And later still he declared that after his departure from this world, his gospel of the kingdom would continue to be
proclaimed throughout the world.
He told his disciples in this gospel of the kingdom will be preached in all the world as a witness to all the nations,
Gentiles, and then the end will come.
And so the point we wish to make is this.
The kingdom of God of the New Testament that God inaugurated through the ministry, death,
resurrection, and enthronement of the Lord Jesus is the promised kingdom of David of the Old Testament.
And I want to tell you, very few people teach that.
They teach the kingdom, the messianic kingdom of David is going to be for physical
Jews and an earth, you know, in a future thousand -year Jewish millennium.
No.
The New Testament declares that all the promises of the Messiah, the messianic kingdom, are
realized through Jesus Christ.
And it was brought about by his life, his death, or resurrection, his resurrection from the dead, his ascension into
heaven, and he's enthroned at the right hand of God the Father now, sitting on the promised
throne of David, ruling over the people of God, over the world.
Jesus declared in John 17, the Father has given him authority over all flesh, all humanity, so
that he might give life to those whom the Father had given him.
Jesus has all authority in heaven and earth.
He's not going to have any more authority at the second coming.
His authority will be revealed and manifest then.
But he has all authority in heaven and earth now.
Jesus Christ is Lord.
And so the church of the New Testament is the promised Israel of the Old Testament under the new covenant.
The church did not replace Israel.
We are commonly falsely accused of teaching replacement theology.
No, the church didn't replace Israel.
That's a false charge.
The church is promised Israel of the kingdom of the Messiah.
We are.
Privileged and blessed to be the citizens of the kingdom of God, living in the kingdom of the son of David,
foretold and foreshadowed in the Old Testament.
What God had brought before his people through the coming of Jesus Christ was not what the Jewish people were
anticipating or desired.
Their expectations are far removed from that which God inaugurated through Jesus Christ.
The Jewish people of the New Testament days expected a restored earthly political kingdom with physical
borders ruled over by a son of David.
That's what the Pharisees were looking for.
That's what they were asking Jesus, when is the kingdom going to.
Appear?
But what God had promised ancient Israel was a kingdom that was spiritual in nature.
The reason for this was because the real problem that brought an end to Israel's kingdom in the Old Testament was a spiritual problem.
They thought the problem were the Babylonians or the Assyrians.
No, the problem was them and their sin.
God was using Babylon and Assyria as his instrument of judgment.

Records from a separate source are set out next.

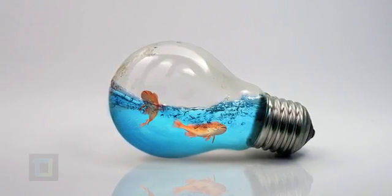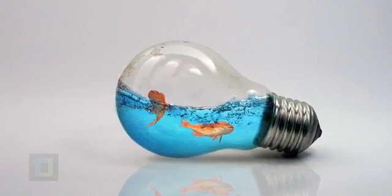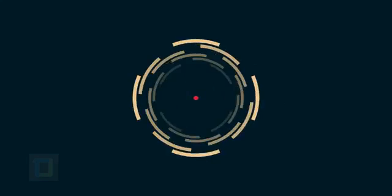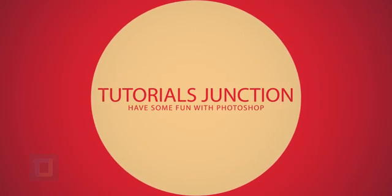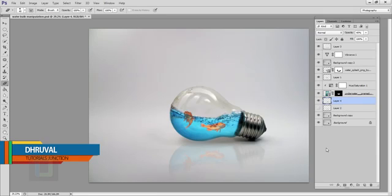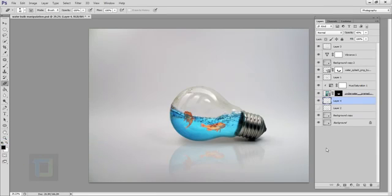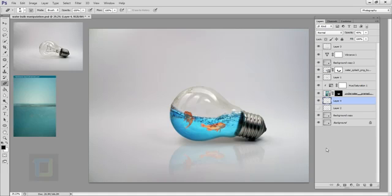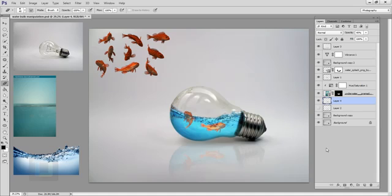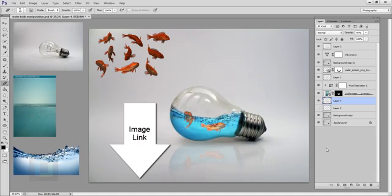In this video I will show you how you can create this water bulb manipulation using Photoshop. Hey, what's up guys, Drool here. As you can see, this is the final output. For this effect I will use four stock images: the bulb, water, splash, and fish. They are all from deviantart.com and the download link is in the video description, so feel free to use them.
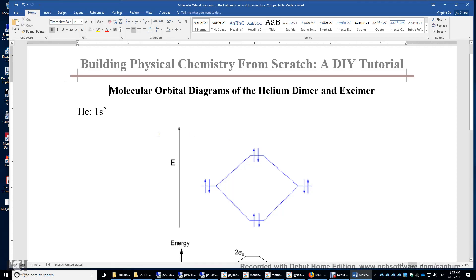In this video, I will analyze the molecular orbital diagrams of the helium dimer and excimer. The electron configuration of the helium atom is 1s2.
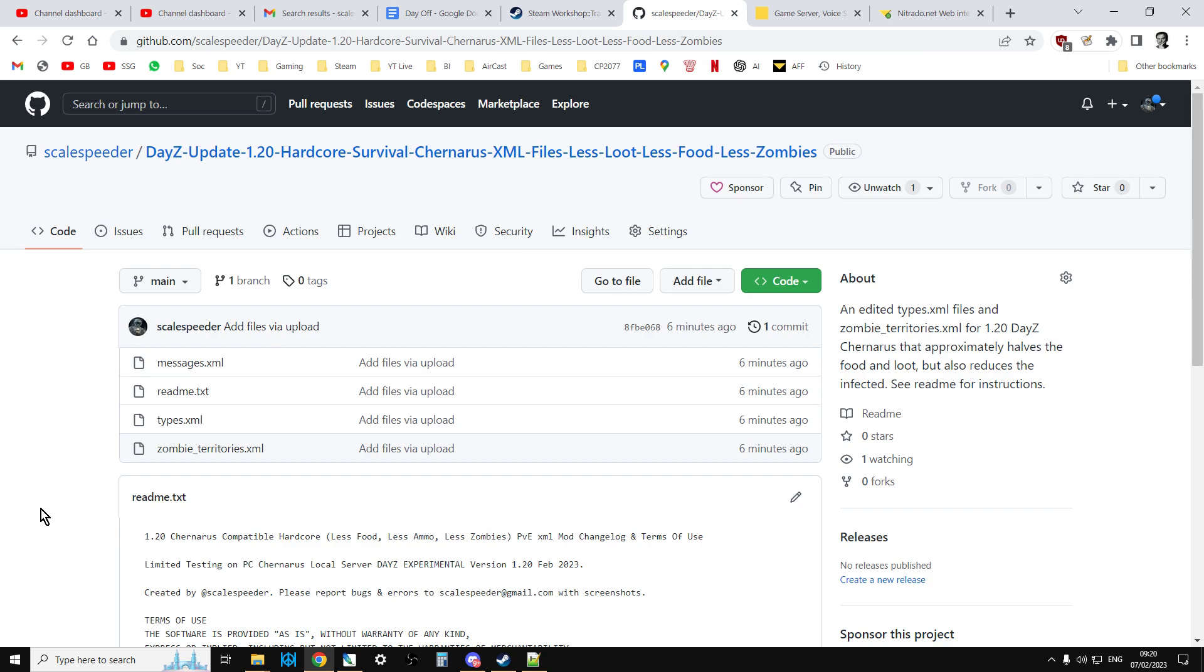So generally what happens is with the console servers, PlayStation and Xbox, is you'll get a message from Nitrado saying the servers are being updated and they will update, but they don't update the XML files. That's what you've got to do by resetting the files to default. But also remember that when you do that, it deletes all of your edited types, the XML, your edited events, all that sort of stuff goes away.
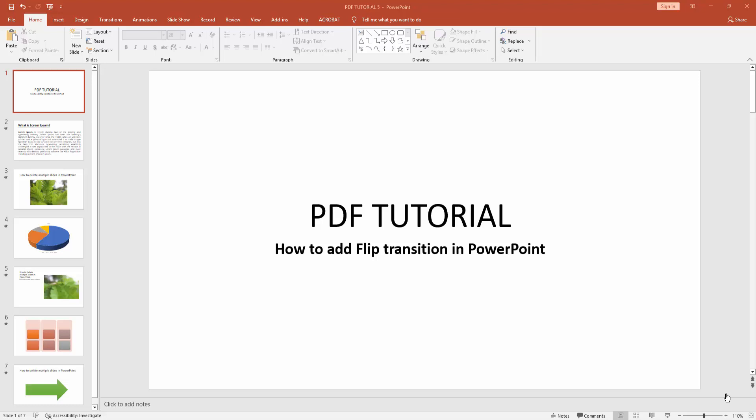Hello friends, welcome back to my channel. In this video, I'm going to show you how to add flip transition in PowerPoint. Let's get started. First, you have to go to the Transition menu.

It was their sin that had alienated them from the life enjoyed by those who know God and live before him in
his kingdom.
And so the Old Testament record of the physical enemies of Israel, their defeat of Israel, their subsequent oppression that
all Israel had experienced were God's just punishment upon Israel for its sin.
For Israel had violated, transgressed the Mosaic covenant with God and therefore God's promise
of a restored kingdom of David would be spiritual in nature, not physical.
God having brought a remedy to their backsliding and rebellion causing them to love him and serve him in faith and
obedience.
The Messiah would restore believing Jews to the promised kingdom, believing Jews only.
But he would.
Also deliver believing Gentiles from their sin, bringing them into his kingdom.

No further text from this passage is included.